## Task prompt
Reproduce exactly the run of lines that begins with the one containing "CNN: Байден побеждает" and ends with the last line of the records, omitting pictures.

## Recorded data
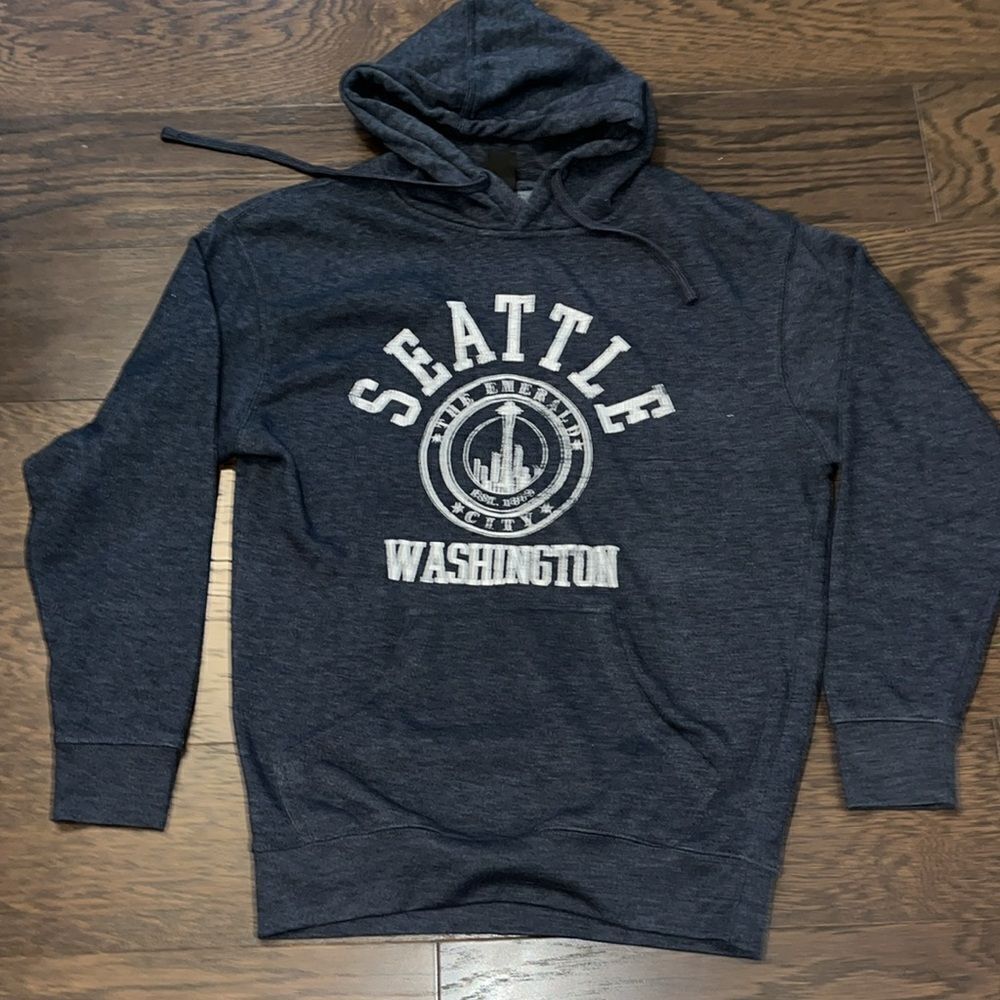 Soft Gray Fleece Seattle Washington Space Needle Hooded Hoodie Sweatshirt L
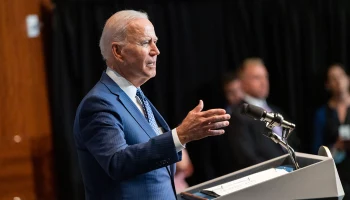 CNN: Байден побеждает на первичном голосовании в штате Южная Каролина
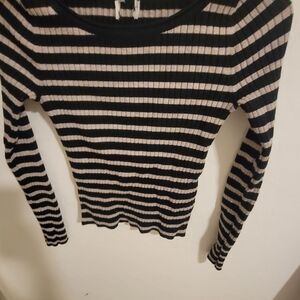 Striped Black and White Long Sleeve Top
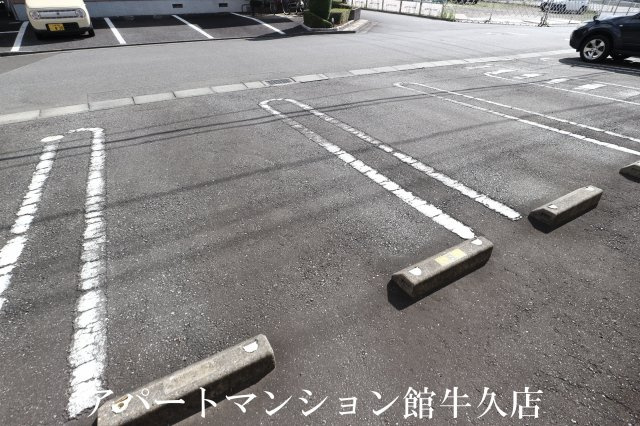 ウエスト・アヴェニューの駐車場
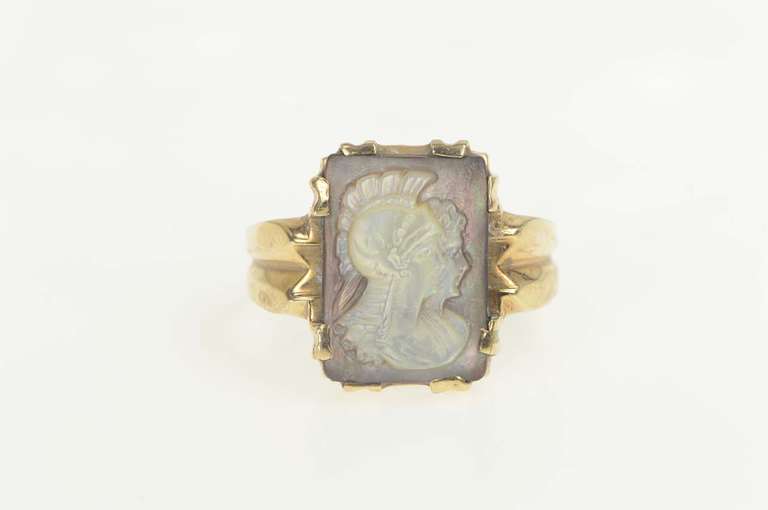 10K Yellow Gold Carved Mother of Pearl Two Face Couple Cameo Ring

## Output of the exercise
 CNN: Байден побеждает на первичном голосовании в штате Южная Каролина
 Striped Black and White Long Sleeve Top
 ウエスト・アヴェニューの駐車場
 10K Yellow Gold Carved Mother of Pearl Two Face Couple Cameo Ring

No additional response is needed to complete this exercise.